MOSCOW (Sputnik) — The process of the United Kingdom's departure from the European Union poses a significant challenge to the country's constitutional arrangements and state institutions, a report by a group of academics said on Wednesday.
"The Brexit process will test the UK’s constitutional and legal frameworks and bureaucratic capacities to their limits — and possibly beyond. As our institutions are tested, so too our politics are being reshaped," The UK in a Changing Europe, a King’s College London-based research group said in its report titled "How the United Kingdom might leave the European Union."
Brexit will test the UK parliament, civil service, courts and the country's unwritten constitution by extremely complex withdrawal negotiations, the report warned, stressing that the United Kingdom's laws will be subjected to a precarious process of re-adoption under the great repeal bill after decades of being adopted to EU laws.
The bill will also impact on the balance of power between London and the devolved authorities and parliaments in Scotland, Wales and Northern Ireland, according to the researchers. The process can either reverse devolution and re-centralize power in Westminster or give rise to centrifugal forces and spread EU competencies across the devolved polities.

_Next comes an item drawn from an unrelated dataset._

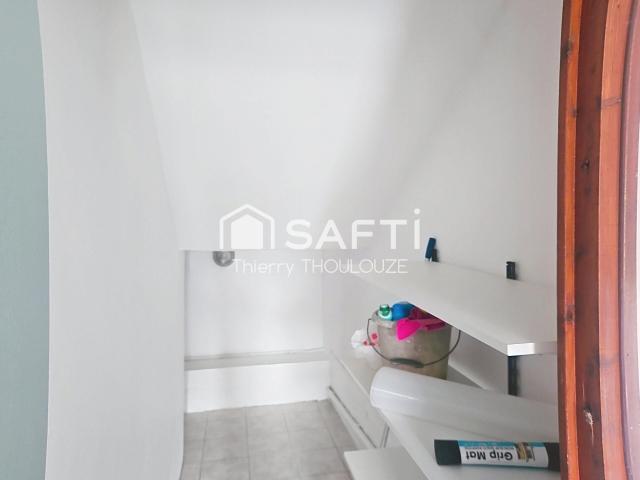 Appartement location à Guadeloupe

The report comes as the countdown to Brexit continues. UK Prime Minister Theresa May has pledged to trigger article 50 of the Lisbon treaty, which will kick-start the withdrawal process and begin negotiations over the post-Brexit relationship with Europe, by the end of March.
On June 23, the United Kingdom held a referendum to determine whether or not the country should leave the European Union. According to the final results, 51.9 percent of voters, or 17.4 million people, decided to support Brexit, while about 16.1 million opposed it.